> [WHAT YOU SHOULD DO] What is the number of lines in these entries that contain "Foto"? State it alone.
^^^^^^^^
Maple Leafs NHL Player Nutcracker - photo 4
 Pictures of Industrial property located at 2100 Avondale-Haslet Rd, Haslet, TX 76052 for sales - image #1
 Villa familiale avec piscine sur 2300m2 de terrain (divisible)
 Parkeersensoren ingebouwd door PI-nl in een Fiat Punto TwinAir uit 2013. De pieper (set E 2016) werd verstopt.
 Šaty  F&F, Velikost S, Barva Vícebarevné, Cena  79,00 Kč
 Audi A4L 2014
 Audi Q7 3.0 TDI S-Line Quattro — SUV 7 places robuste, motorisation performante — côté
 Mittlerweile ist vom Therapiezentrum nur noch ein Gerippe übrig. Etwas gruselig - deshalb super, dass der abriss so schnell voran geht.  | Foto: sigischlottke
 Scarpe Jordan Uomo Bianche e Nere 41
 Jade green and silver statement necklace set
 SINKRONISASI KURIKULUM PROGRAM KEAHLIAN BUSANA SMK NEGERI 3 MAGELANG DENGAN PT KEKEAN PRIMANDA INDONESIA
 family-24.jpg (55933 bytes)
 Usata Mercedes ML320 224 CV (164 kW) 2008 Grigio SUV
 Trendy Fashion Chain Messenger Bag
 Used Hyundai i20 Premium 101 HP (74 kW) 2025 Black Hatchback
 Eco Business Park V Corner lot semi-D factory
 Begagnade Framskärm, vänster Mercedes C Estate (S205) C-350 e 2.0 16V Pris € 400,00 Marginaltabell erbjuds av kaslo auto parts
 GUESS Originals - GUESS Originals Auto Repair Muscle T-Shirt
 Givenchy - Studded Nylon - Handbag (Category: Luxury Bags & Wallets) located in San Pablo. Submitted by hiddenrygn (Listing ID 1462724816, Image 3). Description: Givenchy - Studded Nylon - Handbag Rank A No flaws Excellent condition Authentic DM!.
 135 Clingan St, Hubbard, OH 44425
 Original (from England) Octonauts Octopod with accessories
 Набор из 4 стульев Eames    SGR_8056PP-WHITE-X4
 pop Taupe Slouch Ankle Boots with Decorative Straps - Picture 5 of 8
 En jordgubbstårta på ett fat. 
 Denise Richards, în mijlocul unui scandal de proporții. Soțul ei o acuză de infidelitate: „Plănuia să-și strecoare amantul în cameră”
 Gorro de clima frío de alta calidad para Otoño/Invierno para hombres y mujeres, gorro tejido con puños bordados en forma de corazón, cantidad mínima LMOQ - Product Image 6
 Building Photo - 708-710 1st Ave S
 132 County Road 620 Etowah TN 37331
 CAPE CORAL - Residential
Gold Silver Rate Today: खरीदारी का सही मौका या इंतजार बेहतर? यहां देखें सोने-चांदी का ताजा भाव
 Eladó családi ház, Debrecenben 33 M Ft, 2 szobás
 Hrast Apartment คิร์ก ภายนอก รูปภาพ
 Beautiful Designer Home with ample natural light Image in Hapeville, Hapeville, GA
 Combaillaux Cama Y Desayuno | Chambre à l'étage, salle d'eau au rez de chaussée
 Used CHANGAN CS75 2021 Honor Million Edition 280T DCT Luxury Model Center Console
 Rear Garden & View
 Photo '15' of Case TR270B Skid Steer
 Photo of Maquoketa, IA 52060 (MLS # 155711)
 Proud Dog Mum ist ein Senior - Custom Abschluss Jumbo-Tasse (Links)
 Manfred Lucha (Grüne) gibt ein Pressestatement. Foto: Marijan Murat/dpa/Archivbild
^^^^^^^^
> [SOLUTION TO THE EXERCISE] 2